1. Previous analysis – in Annex A of the Capacity Market IA issued in November 201279 –

addressed the decision to set penalties for capacity providers that fail to deliver energy at

times of stress. This analysis focuses on two key elements in relation to penalties – the

level of VOLL and the imposition of a penalty cap.

Rationale for having penalties

2. The penalty regime in the Capacity serves two main purposes:

i. Performance Incentives: The Capacity Market gives providers a stable payment

but reclaims this money in the event that providers fail to deliver energy at times

of system stress. In an efficient energy-only market, prices would rise to VoLL at

times of stress, providing generators with a powerful incentive to be available at

those times and to invest in the reliability of their plant. An important principle of

the Capacity Market design has been that the incentives created should,

wherever possible, mirror the incentives that would exist in an efficient energy-

only market.

ii. Adjusting of capacity value: The presence of sharp penalties for failure to deliver

energy at times of system stress provides an incentive for participants in the

auction not to offer unreliable capacity into the auction. This ensures that the

mechanism procures the plant mix that is best value for consumers (rather than

plants that are least cost in the auction but have little ability to deliver energy

when needed).
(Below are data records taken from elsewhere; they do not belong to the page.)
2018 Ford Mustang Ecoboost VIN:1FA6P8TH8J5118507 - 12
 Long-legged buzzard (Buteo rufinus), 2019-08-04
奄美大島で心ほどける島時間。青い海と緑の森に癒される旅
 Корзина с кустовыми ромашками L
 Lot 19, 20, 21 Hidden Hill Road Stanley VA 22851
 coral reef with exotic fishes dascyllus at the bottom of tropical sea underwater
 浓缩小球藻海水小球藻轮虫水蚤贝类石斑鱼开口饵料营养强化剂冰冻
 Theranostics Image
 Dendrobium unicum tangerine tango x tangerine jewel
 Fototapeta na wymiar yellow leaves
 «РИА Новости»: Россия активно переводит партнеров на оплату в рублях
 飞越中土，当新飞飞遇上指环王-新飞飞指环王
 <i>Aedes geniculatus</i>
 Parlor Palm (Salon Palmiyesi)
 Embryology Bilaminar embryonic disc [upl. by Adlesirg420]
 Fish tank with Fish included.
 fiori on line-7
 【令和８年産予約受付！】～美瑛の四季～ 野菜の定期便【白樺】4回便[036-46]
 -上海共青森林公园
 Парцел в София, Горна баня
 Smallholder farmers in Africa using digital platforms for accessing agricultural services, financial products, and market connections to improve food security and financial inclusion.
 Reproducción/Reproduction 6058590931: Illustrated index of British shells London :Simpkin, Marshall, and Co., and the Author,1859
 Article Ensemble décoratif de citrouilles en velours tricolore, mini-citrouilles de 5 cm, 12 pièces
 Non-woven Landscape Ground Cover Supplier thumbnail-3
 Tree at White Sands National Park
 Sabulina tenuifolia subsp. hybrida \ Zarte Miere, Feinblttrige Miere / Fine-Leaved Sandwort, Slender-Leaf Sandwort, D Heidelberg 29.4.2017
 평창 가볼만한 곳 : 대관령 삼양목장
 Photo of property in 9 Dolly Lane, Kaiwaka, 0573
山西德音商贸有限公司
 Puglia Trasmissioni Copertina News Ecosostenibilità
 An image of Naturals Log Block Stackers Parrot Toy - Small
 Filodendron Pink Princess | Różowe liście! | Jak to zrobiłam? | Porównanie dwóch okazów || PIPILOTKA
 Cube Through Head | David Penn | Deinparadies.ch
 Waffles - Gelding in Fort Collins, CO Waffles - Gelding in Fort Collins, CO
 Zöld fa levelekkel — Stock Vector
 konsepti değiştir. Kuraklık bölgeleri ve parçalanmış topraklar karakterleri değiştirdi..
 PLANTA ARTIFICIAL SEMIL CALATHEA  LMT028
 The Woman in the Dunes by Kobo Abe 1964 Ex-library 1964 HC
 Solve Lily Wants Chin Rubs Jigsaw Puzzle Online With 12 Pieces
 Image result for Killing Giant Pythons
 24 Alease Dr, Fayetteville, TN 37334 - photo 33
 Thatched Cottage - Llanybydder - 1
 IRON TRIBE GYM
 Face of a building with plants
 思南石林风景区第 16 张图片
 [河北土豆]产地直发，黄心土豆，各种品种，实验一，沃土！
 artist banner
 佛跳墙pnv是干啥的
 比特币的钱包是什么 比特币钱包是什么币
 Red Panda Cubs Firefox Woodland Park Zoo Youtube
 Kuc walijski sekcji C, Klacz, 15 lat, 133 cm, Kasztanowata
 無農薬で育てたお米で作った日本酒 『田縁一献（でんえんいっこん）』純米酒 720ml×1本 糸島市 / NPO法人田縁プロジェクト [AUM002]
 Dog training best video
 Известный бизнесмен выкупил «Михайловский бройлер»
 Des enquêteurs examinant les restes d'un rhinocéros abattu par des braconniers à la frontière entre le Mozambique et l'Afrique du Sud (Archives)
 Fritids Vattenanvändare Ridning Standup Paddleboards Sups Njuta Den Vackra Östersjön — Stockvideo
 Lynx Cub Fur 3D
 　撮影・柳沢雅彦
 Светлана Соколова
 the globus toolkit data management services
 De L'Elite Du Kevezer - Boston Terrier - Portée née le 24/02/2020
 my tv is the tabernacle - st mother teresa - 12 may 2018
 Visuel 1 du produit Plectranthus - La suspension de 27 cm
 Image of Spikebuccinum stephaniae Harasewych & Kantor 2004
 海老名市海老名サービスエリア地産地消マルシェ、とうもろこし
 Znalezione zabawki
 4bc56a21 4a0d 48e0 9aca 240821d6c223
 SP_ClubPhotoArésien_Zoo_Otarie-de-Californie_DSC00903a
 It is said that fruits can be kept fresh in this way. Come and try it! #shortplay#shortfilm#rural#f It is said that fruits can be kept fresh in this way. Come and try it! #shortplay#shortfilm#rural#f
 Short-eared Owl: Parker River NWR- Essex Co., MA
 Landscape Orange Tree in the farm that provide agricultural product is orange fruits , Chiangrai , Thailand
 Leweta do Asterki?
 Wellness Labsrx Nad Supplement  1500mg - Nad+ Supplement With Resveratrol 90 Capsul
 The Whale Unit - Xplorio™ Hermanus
In practice the capacity value of plants will be administratively

determined (within bands) and there will be some degree of uncertainty when

setting the derating for each plant – with deratings overestimated for some plant

and set too low for others. The penalty regime – with rewards for overdelivery

and penalties for underdelivery – should ensure that over time the overall levels

of payment for each plant match the value of the capacity that plant offers.

Design of the penalty regime

3. The penalty regime aims to reintroduce the incentives not present in the market due to

“missing money”. Missing money principally occurs at times of lost load when the price in

a perfectly efficient energy-only market should rise to VoLL (estimated in GB to be

£17,000/MWh). In practice this is significantly above past prices (which have not been

seen to rise above £1000/MWh) and future proposals for cash out reform (which will

introduce a £6000/MWh scarcity price signal).80

4. The level of missing money is therefore estimated as VoLL minus the prevailing cash out

price. If cash out in future rises to £6,000/MWh then the level of missing money at times

of stress is £11,000/MWh.

5. However there is a trade-off between having penalties that reflect the full degree of

missing money and reducing risk for investment in new capacity. In an energy-only

market it is necessary for scarcity signals to fully reflect VoLL in order to ensure there are

79

https://www.gov.uk/government/uploads/system/uploads/attachment_data/file/66039/7103-energy-bill-capacity-market-impact-assessment.pdf 80

See section 4.14 of this IA for further detail.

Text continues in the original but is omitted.